Kdump recommendations for large servers

Latest response

Especially database servers nowadays reach memory sizes where full kernel dumps are not feasible.

Are there any recommendations, how to configure kernel dumps on such systems?

Even with dump level set to 31, kernel dumps could require a lot of space...

What is the maximum memory size, where kernel dumps should be setup?
Do you only set it up, when requested by Red Hat or do you activate it for all servers?

Responses

The usual recommendation from us here in support is "RAM +1%".

We have had some instances where -d31 stripped out pages we needed to diagnose, rendering the vmcore useless. After some internal discussion we decided that -d1 was the most reliable way to get a useful vmcore, which is why it's suggested on the kdump knowledgebase solution.

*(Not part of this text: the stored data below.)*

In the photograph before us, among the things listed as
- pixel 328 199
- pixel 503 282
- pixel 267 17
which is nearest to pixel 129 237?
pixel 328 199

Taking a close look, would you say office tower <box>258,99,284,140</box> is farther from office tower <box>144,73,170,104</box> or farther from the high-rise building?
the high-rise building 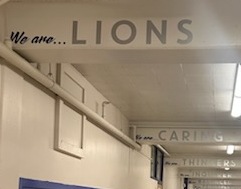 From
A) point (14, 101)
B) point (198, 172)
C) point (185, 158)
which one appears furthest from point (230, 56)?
point (198, 172)

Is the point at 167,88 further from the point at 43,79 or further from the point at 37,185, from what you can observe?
the point at 37,185

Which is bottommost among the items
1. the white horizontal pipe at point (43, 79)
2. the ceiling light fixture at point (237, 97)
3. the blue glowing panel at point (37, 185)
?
the blue glowing panel at point (37, 185)

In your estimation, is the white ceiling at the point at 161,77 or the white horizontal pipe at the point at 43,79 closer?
the white horizontal pipe at the point at 43,79

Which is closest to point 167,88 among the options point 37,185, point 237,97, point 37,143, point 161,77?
point 161,77

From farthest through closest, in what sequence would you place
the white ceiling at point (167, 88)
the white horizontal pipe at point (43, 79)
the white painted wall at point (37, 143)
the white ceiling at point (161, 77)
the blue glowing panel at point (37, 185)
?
the white ceiling at point (167, 88) → the blue glowing panel at point (37, 185) → the white ceiling at point (161, 77) → the white painted wall at point (37, 143) → the white horizontal pipe at point (43, 79)

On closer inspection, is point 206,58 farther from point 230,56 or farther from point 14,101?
point 14,101

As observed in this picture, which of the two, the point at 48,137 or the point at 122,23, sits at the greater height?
the point at 122,23

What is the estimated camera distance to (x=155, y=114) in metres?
10.0

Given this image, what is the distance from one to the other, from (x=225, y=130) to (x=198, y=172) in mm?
10637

Note that you don't necessarily have to upload that whole vmcore to us. You could try reducing the size locally with makedumpfile, then upload the smaller core. If that works, goodo. If we need more pages, we can try to remove less (or no more) pages and get a bigger file.

Back to your original question. One option could be to size a large (say one or two terabyte) dump target, then use that dump target for a large number of systems. You're probably unlikely to have all your boxes panic at the same time, so while there's collectively many terabytes of RAM out there, any one system can use the dump target with room to spare.

I am very interested to see how others are dealing with this as well.